At 3.6%, the expected compound average growth rate in capacity for
the next five years is still higher than I would like to see. While
that figure is a big decline from the growth rate of past years, it
is still higher than a reasonable expectation for weighted average
GDP growth of the North American plus European Economic Community.
In other words, overcapacity is still getting worse.
My present valuation, with Royal's attainment of a deserved 6.5%
risk discount, is fair. I use consensus EPS estimates of $2.31 and
$3.06 for 2013 and 2014 respectively. But I do not use the $3.84
for 2015, because these estimates have an acceleration in revenue
growth from 5%-ish in 2014 to 9-10%, which includes high margined
onboard revenue, which I think is unwarranted. Using a $3.54 for
2015, I put together two next-12-months earnings-per-share
estimates of $2.66 and then $3.24. Using a 4.2% risk-free rate
(3.6% long Treasury plus 60bps to counter quantitative easing), my
model says that the stock at $43 is discounting an 8% five-year
growth rate, which is maybe 1-2% higher than what I might expect.

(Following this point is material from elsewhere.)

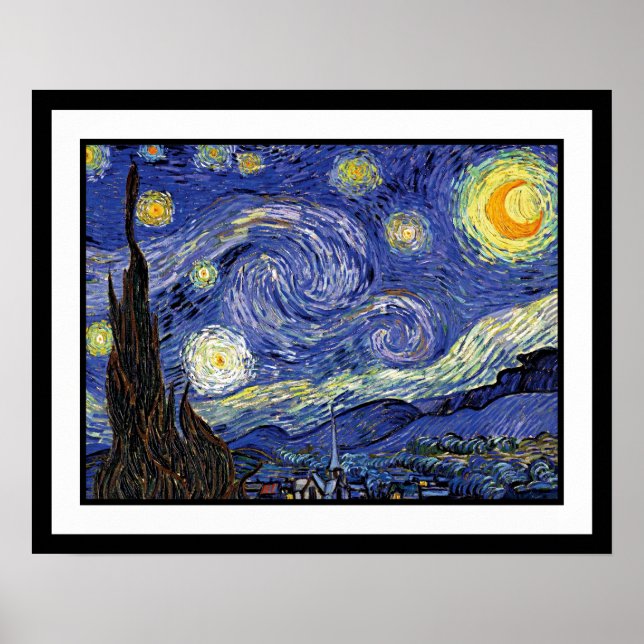 Vincent Van Gogh - The Starry Night Fine Art Poster (Vorne)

One more consideration, albeit one for the future: I am beginning
to wonder if the industry is on a bit of a treadmill as newer,
bigger ships are added to the fleets. I realize that they are more
profitable from a margin standpoint, but I wonder whether part of
their margin increase comes from customer demand, as they are
willing to pay a premium for the biggest and latest. What would
happen to margins if capacity growth grew at zero? Profitability
would obviously go up, but I wonder if enough passengers currently
going out on the biggest ships would choose to go elsewhere, so
that the leverage would not be up to expectations.
I have also had other non-economic concerns about the largest
ships. As I was writing this I noticed a
New York Times
article from October 27, 2013 entitled "
Too Big to Sail? Cruise Ships Face Scrutiny
" by Jad Mouawad. It is interesting reading, though it will not
affect an investment in a cruise line -- until it does.